Now that we have transformed the data from wide format to long format, let use use the long data frame to visualize the data. Here I am focusing on the plots that are most frequently used in statistical analysis.

Box Plot

This will show the distribution of each numerical attribute. Box plots are valuable in data analysis for concisely representing the distribution of a data set, highlighting its median, quartiles, and outliers. They provide a clear visual summary of the central tendency, variability, and extremes in the data.

library(ggplot2)

ggplot(pivot_longer_df, aes(x = attribute, y = value)) +
  geom_boxplot() +
  theme(axis.text.x = element_text(angle = 45, hjust = 1)) +
  labs(title = "Distribution of Numerical Attributes", x = "Attribute", y = "Value")

#### Histograms of Numerical Attributes This will create a facet grid of histograms for each attribute. Histograms are essential in data analysis for visualizing the distribution of numerical data, identifying patterns and outliers, comparing multiple data sets, and understanding their spread and central tendencies. They offer a straightforward way to analyze and gain insights from numerical data.

ggplot(pivot_longer_df, aes(x = value)) +
  geom_histogram(bins = 30, fill = "blue", color = "black") +
  facet_wrap(~ attribute, scales = "free") +
  labs(title = "Histograms of Numerical Attributes", x = "Value", y = "Count")

#### Density Plots of Numerical Attributes This will show the density distribution for each attribute.Density plots are used in data analysis to visualize the distribution and density of continuous data, offering a smooth representation of data variation and identifying where values are concentrated. They provide a clear and continuous view of data distribution, useful for understanding underlying patterns and trends.

ggplot(pivot_longer_df, aes(x = value, fill = attribute)) +
  geom_density(alpha = 0.7) +
  facet_wrap(~ attribute, scales = "free") +
  labs(title = "Density Plots of Numerical Attributes", x = "Value", y = "Density")

#### Bar Plot of Average Values of Attributes This will display the average values of each attribute.Bar plots are used in data analysis to visually represent categorical data, showing the frequency or proportion of categories through the height or length of bars, making it easy to compare different categories or groups within a dataset.

library(dplyr)

pivot_longer_df %>%
  group_by(attribute) %>%
  summarise(average_value = mean(value, na.rm = TRUE)) %>%
  ggplot(aes(x = attribute, y = average_value, fill = attribute)) +
  geom_bar(stat = "identity") +
  theme(axis.text.x = element_text(angle = 45, hjust = 1)) +
  labs(title = "Average Values of Numerical Attributes", x = "Attribute", y = "Average Value")

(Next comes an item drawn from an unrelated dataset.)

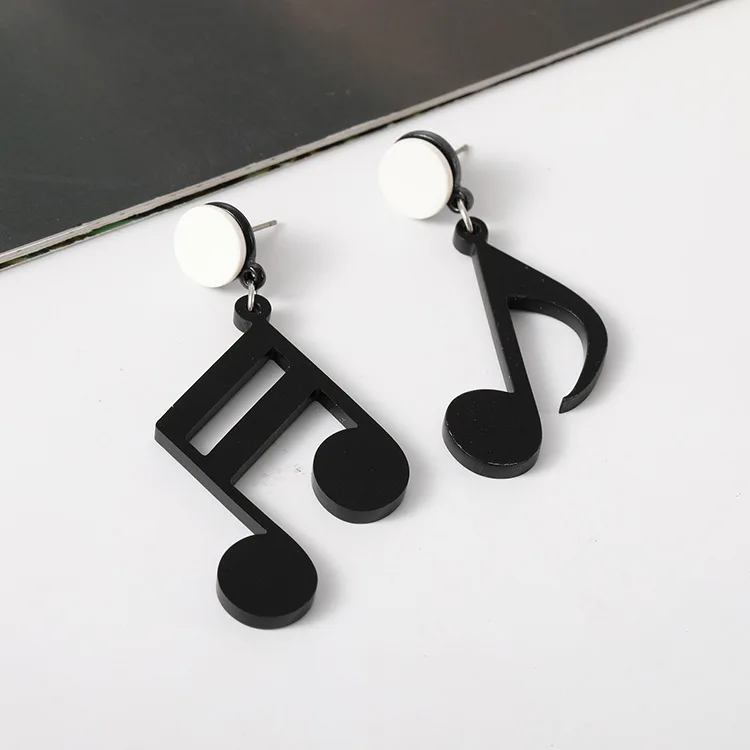 Personality Fashion Big Acrylic Earrings Punk Style Asymmetry Drop Music Note Earring Musical Jewelry for Women Gift | Украшения и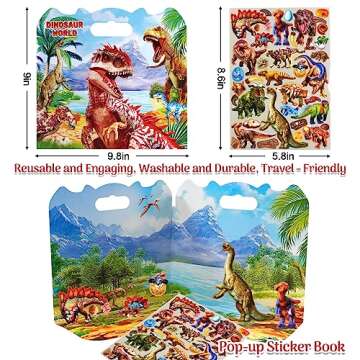 Reusable Dinosaur Sticker Book for Toddlers and Kids | Ages 2-4, 3-5 | Puffy Dino Stickers Activity Pad for Boys and Girls 1-3,4-8 | Quiet Busy Book | Road Trip Car Plane Travel Toys.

#### Explaination of the ggplot functions used ggplot(): This is the core function in ggplot2, used to initialize a ggplot object. It sets up the data and specifies the set of mappings from data to aesthetics. geom_ functions: These functions add layers to the plot, specifying how to display the data. Some common geom_* functions include:

geom_point(): Adds points to the plot, useful for scatter plots. geom_density(): Adds lines, great for time series or trend lines. geom_bar(): Creates bar plots. geom_histogram(): Plots a histogram for data distribution. geom_boxplot(): Creates boxplots to show distributions with quartiles.

aes(): This function is used to specify the aesthetic mappings, like mapping variables to x and y axes, color, fill, etc. facet_wrap() and facet_grid(): These functions are used for creating faceted plots, allowing you to split one plot into multiple plots based on a factor or combination of factors. labs(): Used to add or modify labels for the plot, including titles, axis labels, legends, etc. theme(): This function is used to customize the non-data components of your plot, like the plot background, grid lines, text, etc.